Die autoritäre und korrupte Herrschaft führte zu einem Schulterschluss der linken und liberalen französischen Kolonialpresse mit vietnamesischen Aktivisten aller politischer Lager. Junge gebildete Vietnamesen wie Nguyễn An Ninh (La Cloche fêlée) und Trần Huy Liệu (Đông Pháp thời báo) wurden als Zeitungsherausgeber aktiv; etablierte Verleger wie Nguyễn Phan Long (L’Écho Annamite) und Bùi Quang Chiêu (La Tribune Indigène) schlugen radikalere Töne an. Ein größeres Problem als die Vietnamesen, die sich mit Zensur und Festnahmen in Schach halten ließen, stellte die französische Presse vor Ort dar: Die Journalisten André Malraux, Paul Monin und Eugène Dejean de la Bâtie, die bei der Zeitung L’Indochine zusammenarbeiteten, entwickelten sich zu den hartnäckigsten Kritikern des Kolonialregimes. Cognacq erhielt von ihnen den Spottnamen „Monsieur Je-Menotte“ (sinngemäß „Herr Handschellen-Anleger“).[10] Da dieser nur eingeschränkt gegen französische Staatsbürger vorgehen konnte, schüchterte er stattdessen die Betreiber der Druckerei ein.[11] Der Höhepunkt dieser Auseinandersetzung stellte das sogenannte Candelier-Projekt dar: Die Cognacq-Administration versuchte dabei, sämtliche Hafenanlagen der Kolonie für fünfzehn Jahre an ein französisches Finanzkonsortium zu verpachten. Dieses Konsortium hätte dadurch ein faktisches Handelsmonopol über ganz Cochinchina erhalten. Das Projekt wurde zunächst im von Cognacq-Anhängern dominierten Kolonialrat abgesegnet. Paul Monin – finanziell unterstützt von den chinesischen Unternehmern Saigons, die am schlimmsten vom Monopol betroffen gewesen wären – ging jedoch nach Paris und brachte das französische Parlament durch Lobbyarbeit im März 1924 dazu, die Entscheidung des Kolonialrats aufzuheben.[8]

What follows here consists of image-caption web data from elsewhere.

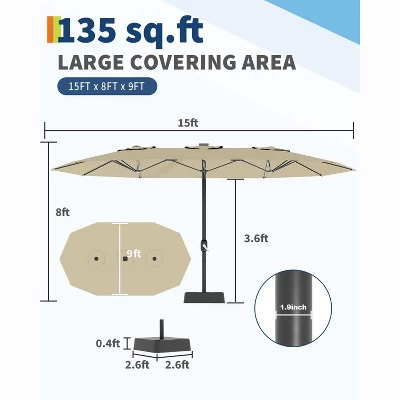 15FT Large Patio Umbrella With Base Included, Oversized Shade For 2-8 People, Double-Sided Rectangle Umbrella, Weighted Base For Pool, Deck, Backyard 2 15FT Large Patio Umbrella With Base Included, Oversized Shade For 2-8 People, Double-Sided Rectangle Umbrella, Weighted Base For Pool, Deck, Backyard - Image 2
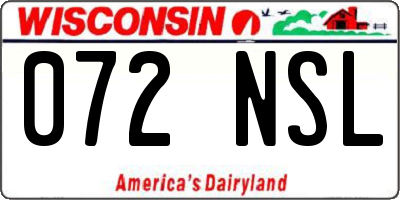 WI license plate 072NSL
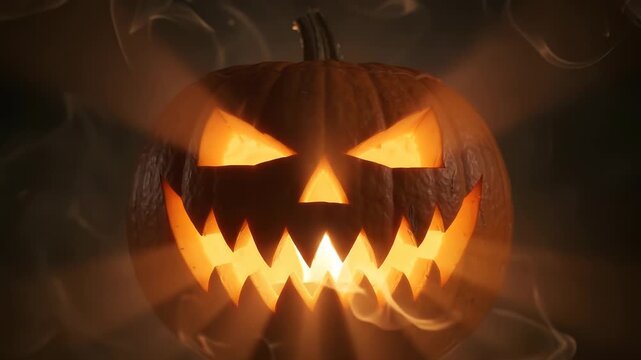 Orange Halloween smiling pumpkin and smooth rays abstract motion background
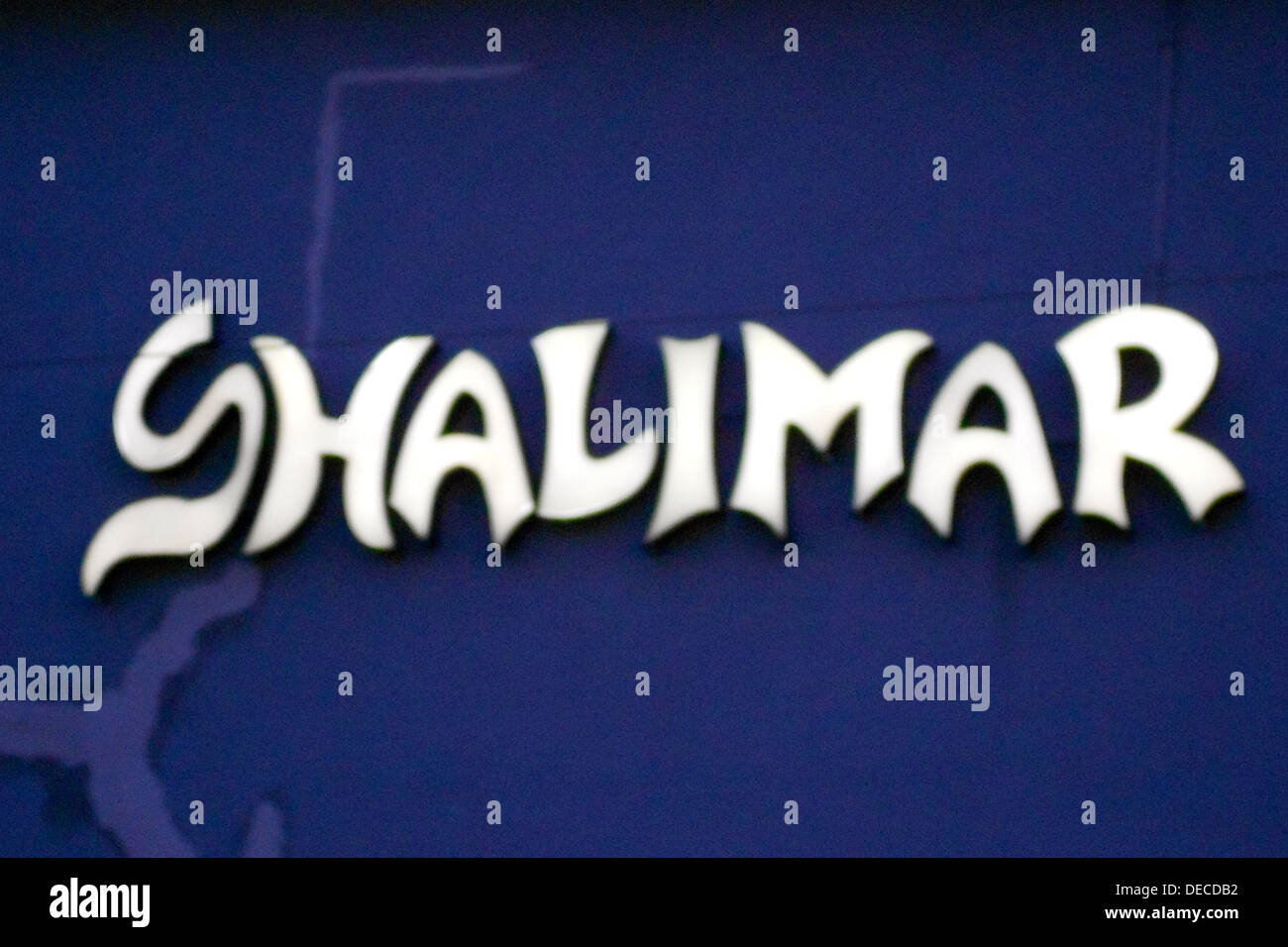 Shalimar Motel neon sign  in the Dop Wop historic district in the Wildwoods, New Jersey. Stock Photo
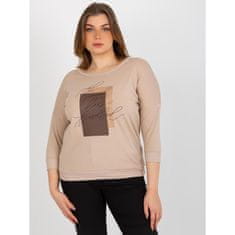 RELEVANCE Ženska bluza z izrezom plus size HARMONY bež RV-BZ-8482.21P_393472 Univerzalni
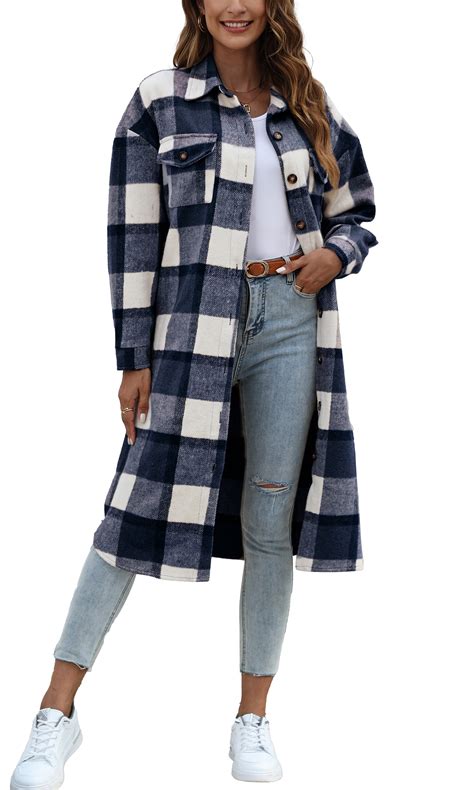 Fantaslook Women S Flannel Plaid Shacket Jacket Coat With Pockets Button Up Long Shirt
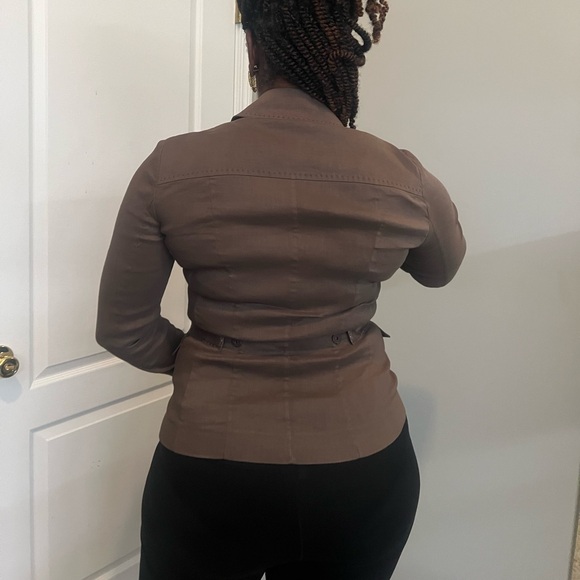 Elie Tahari Lightweight Brown Linen Jacket Shacket Blazer Size 6 - Picture 15 of 16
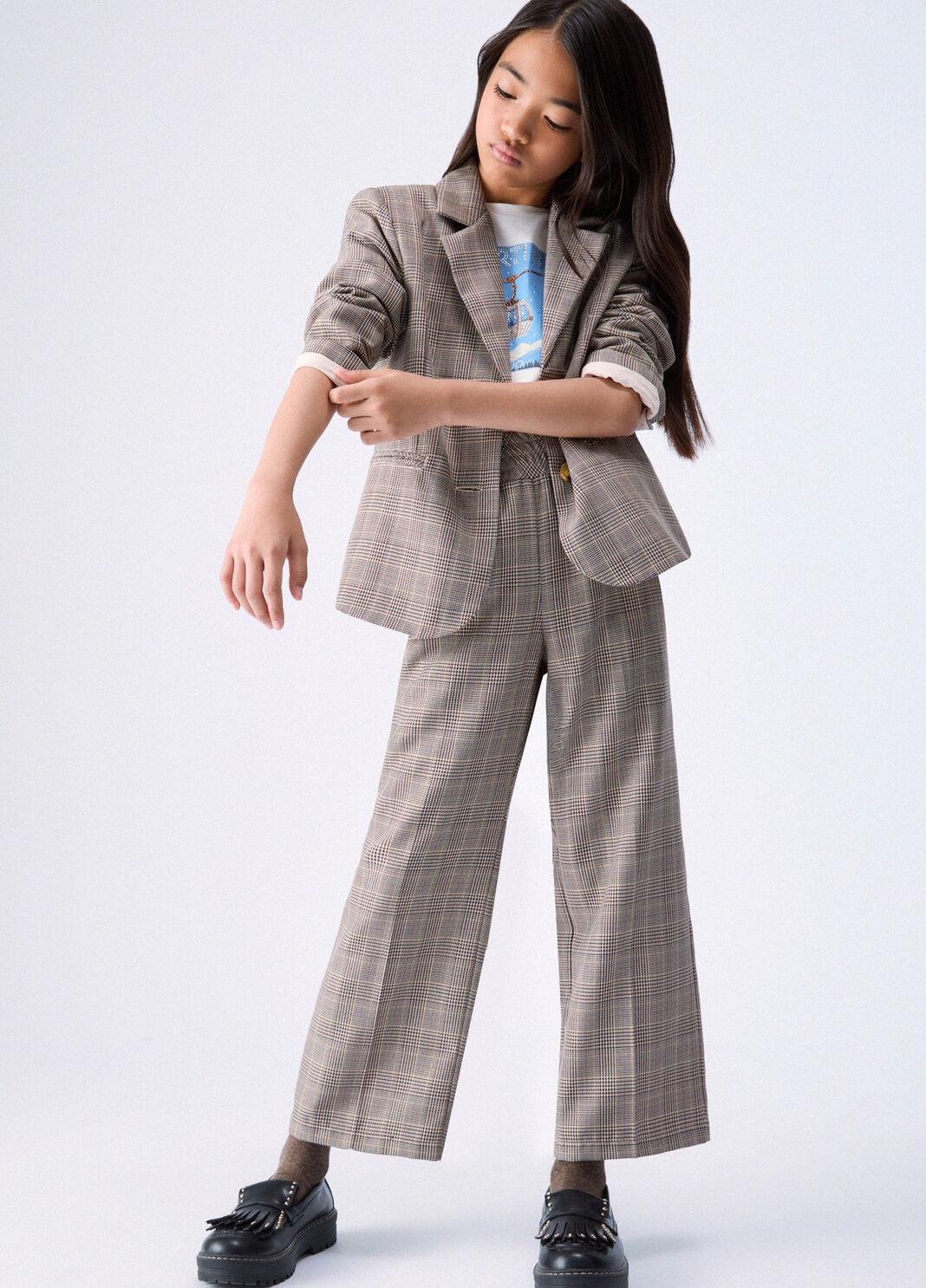 Straight trousers in Prince of Wales check check Liu Jo - large image number 1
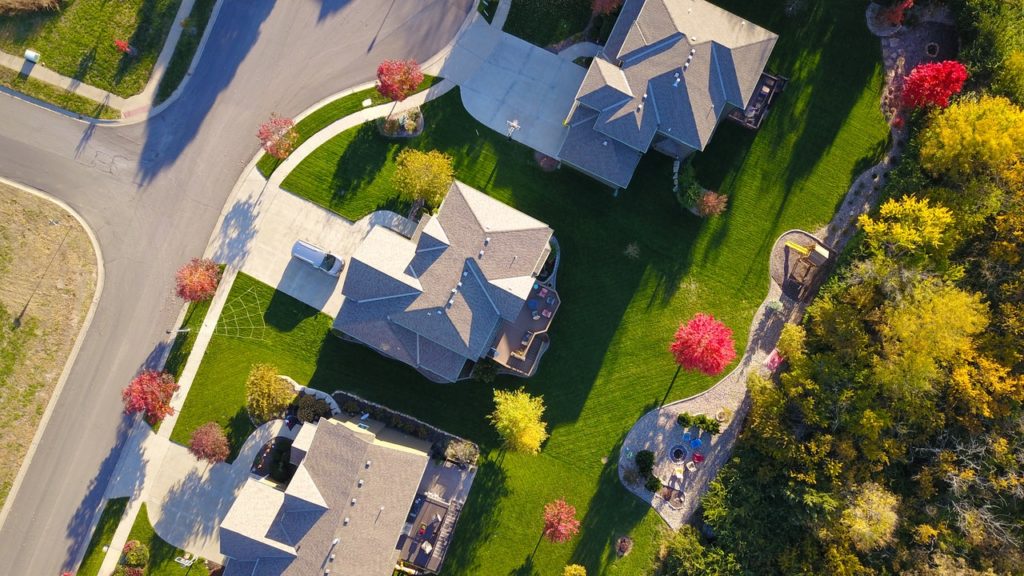 three houses next to each other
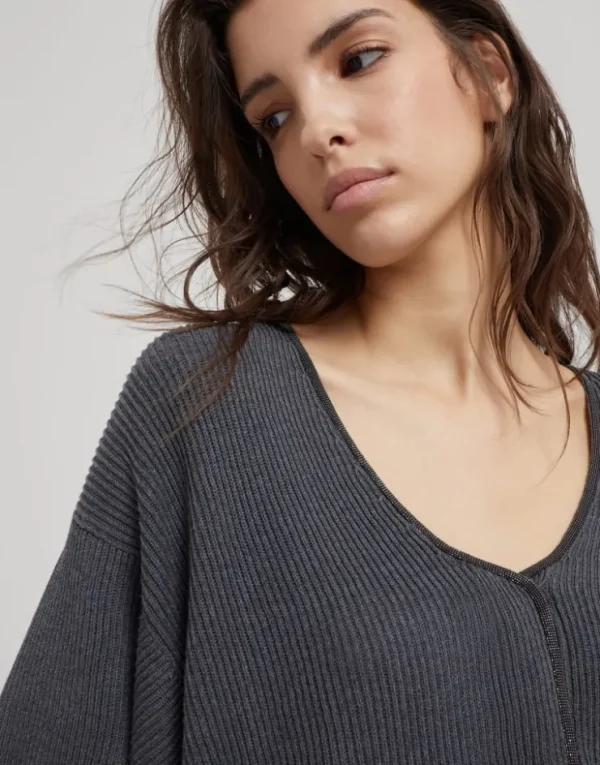 Brunello Cucinelli Kurzärmeliger Pullover aus Baumwolle in Patentstrick mit Shiny Neckline | Damen Strickwaren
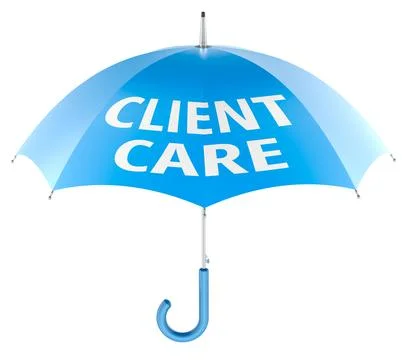 Client Care concept with blue umbrella. 3D rendering Illustrazione stock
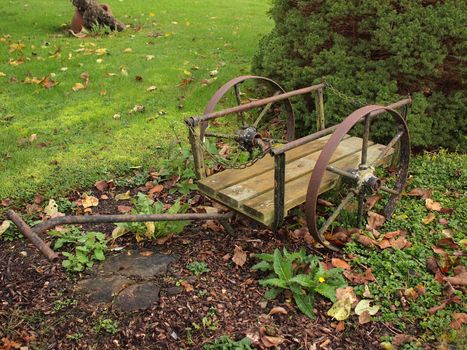 Vintage cast iron garden decor old wagon
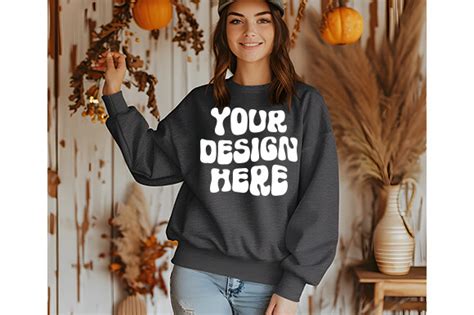 Gildan Fall Dark Heather Mockup Graphic By Mockupstory Creative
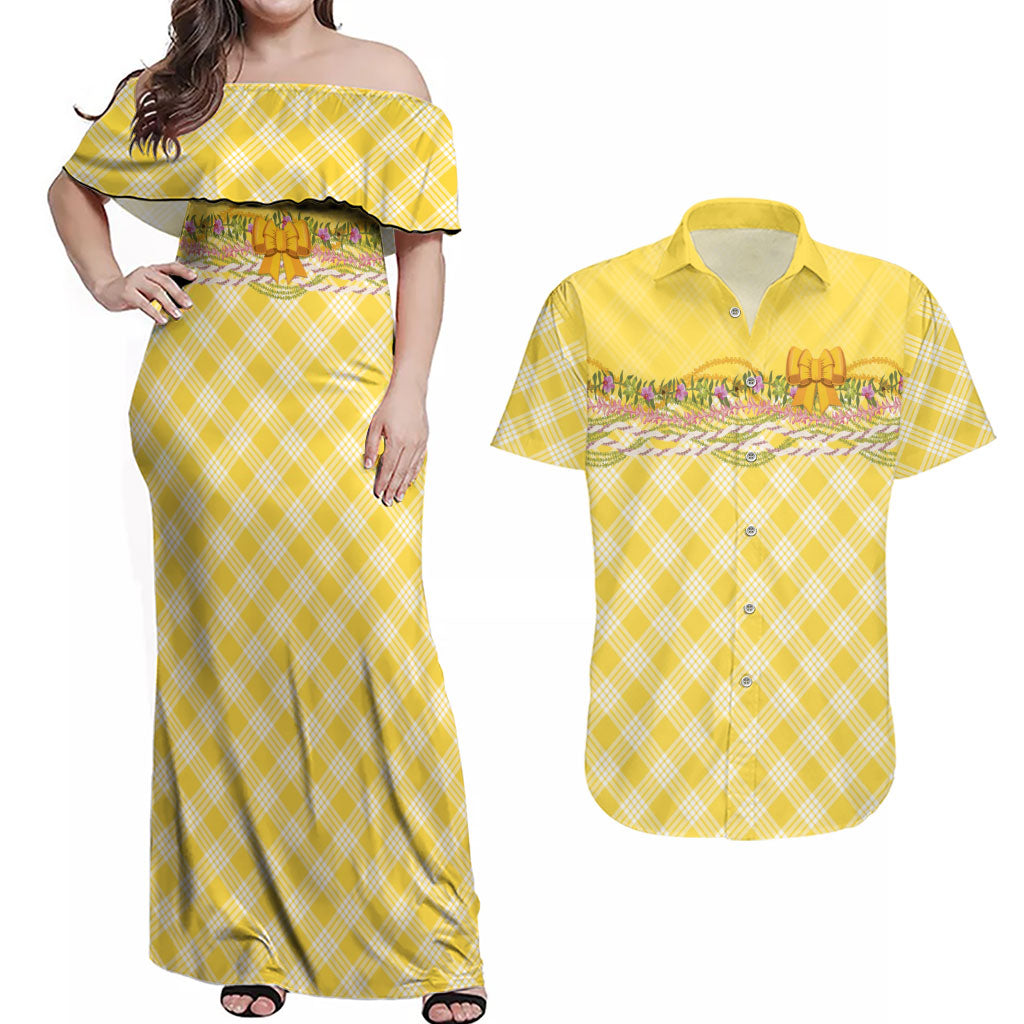 Hawaii Palaka Pikake Lokelani Plumeria Couples Matching Off Shoulder Maxi Dress and Hawaiian Shirt Melemele Coquette Bow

Im Jahr 1925 brachen weitere Proteste aus, nachdem Phan Bội Châu, einer der Begründer der vietnamesischen Nationalbewegung, von französischen Agenten aus China verschleppt und zu lebenslanger Haft bei harter Arbeit verurteilt wurde. Die Proteste eskalierten 1926 weiter, als Phan Châu Trinh, der andere große Vordenker des vietnamesischen Nationalismus, in Saigon starb und die Kolonialbehörden öffentliche Trauerfeiern zu verbieten versuchten. Es kam nun zu Massenprotesten der städtischen Jugend, die sich als Jeune-Annam-Bewegung organisierte.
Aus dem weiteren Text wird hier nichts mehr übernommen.